• DIRECTIONS
The reply should contain every entry exactly as given, with no pictures in it.

• DATA RECORDS
━━━━━━━━━━━━━━━━

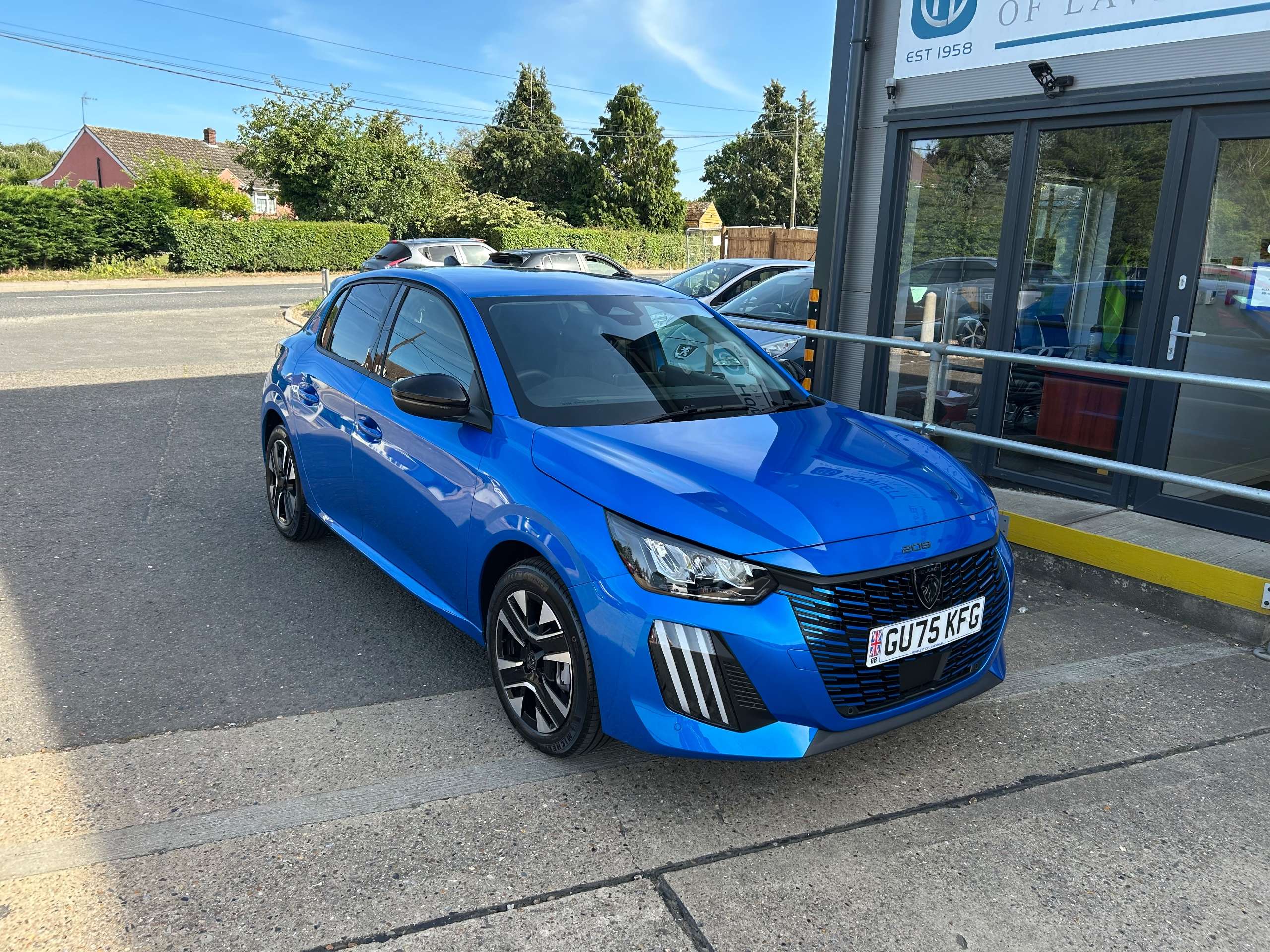 A 2026 PEUGEOT 208 1.2 Allure Hatchback 5dr Petrol Hybrid e-DSC6 Euro 6 (s/s) (110 ps) A 2026 PEUGEOT 208 1.2 Allure Hatchback 5dr Petrol Hybrid e-DSC6 Euro 6 (s/s) (110 ps)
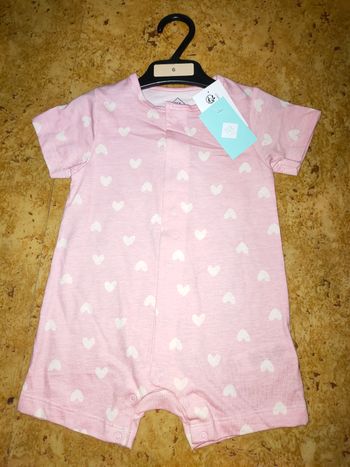 Combishort bébé fille taille 6 mois neuf Tex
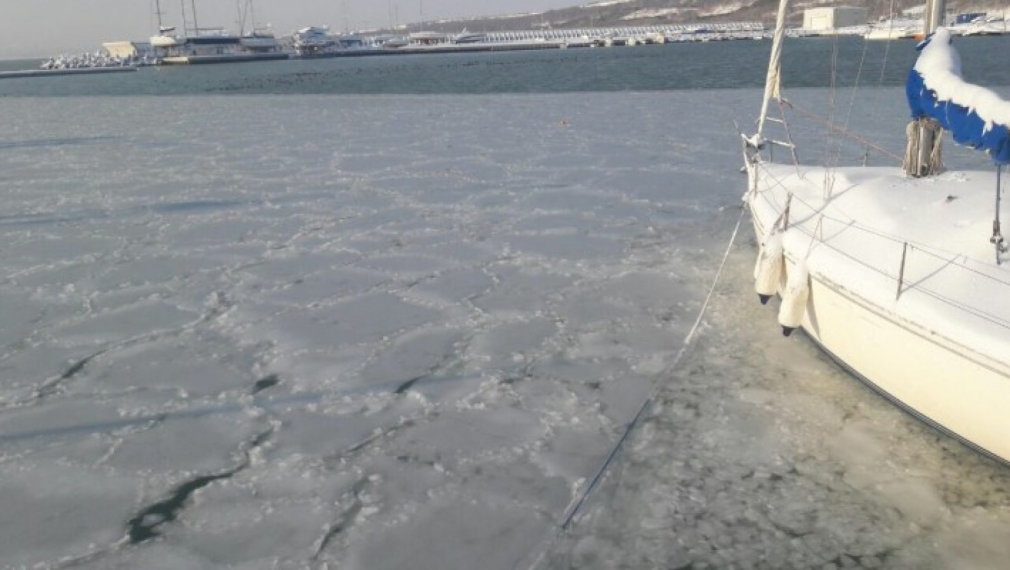 Морето край Бургас и Варненското езеро замръзнаха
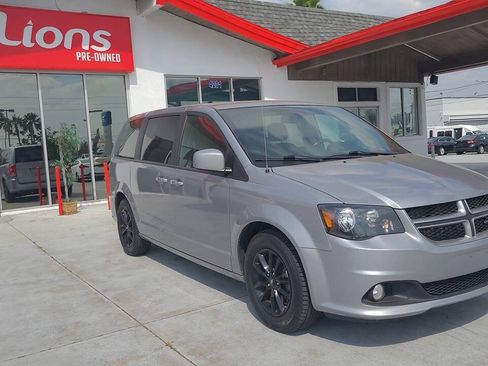 Used 2019 Dodge Grand Caravan GT FWD image 2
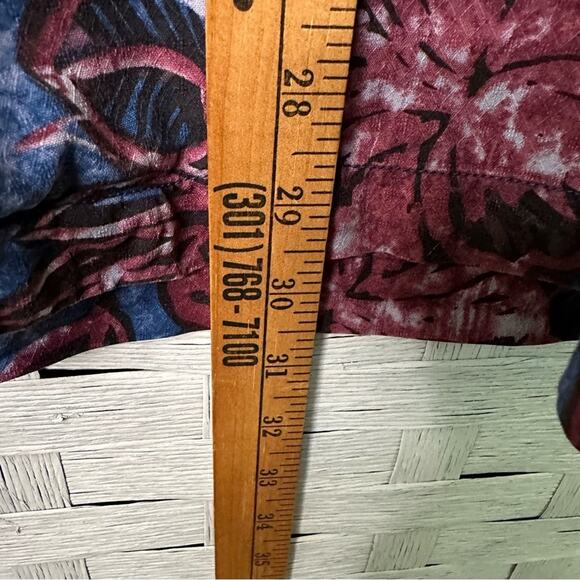 Tommy Bahama men’s Vintage Hawaiian button down Shirt 100% Silk bohemian - Picture 9 of 10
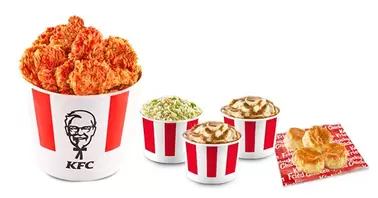 Oferta de BUCKET CLÁSICO DE 15 PIEZAS por $565 en KFC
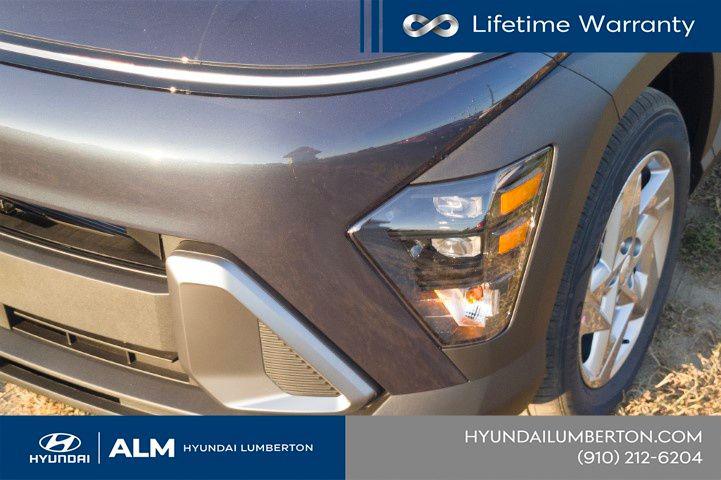 New 2026 Denim Blue Pearl Hyundai SE FWD image 9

━━━━━━━━━━━━━━━━

• TASK OUTPUT
 A 2026 PEUGEOT 208 1.2 Allure Hatchback 5dr Petrol Hybrid e-DSC6 Euro 6 (s/s) (110 ps) A 2026 PEUGEOT 208 1.2 Allure Hatchback 5dr Petrol Hybrid e-DSC6 Euro 6 (s/s) (110 ps)
 Combishort bébé fille taille 6 mois neuf Tex
 Морето край Бургас и Варненското езеро замръзнаха
 Used 2019 Dodge Grand Caravan GT FWD image 2
 Tommy Bahama men’s Vintage Hawaiian button down Shirt 100% Silk bohemian - Picture 9 of 10
 Oferta de BUCKET CLÁSICO DE 15 PIEZAS por $565 en KFC
 New 2026 Denim Blue Pearl Hyundai SE FWD image 9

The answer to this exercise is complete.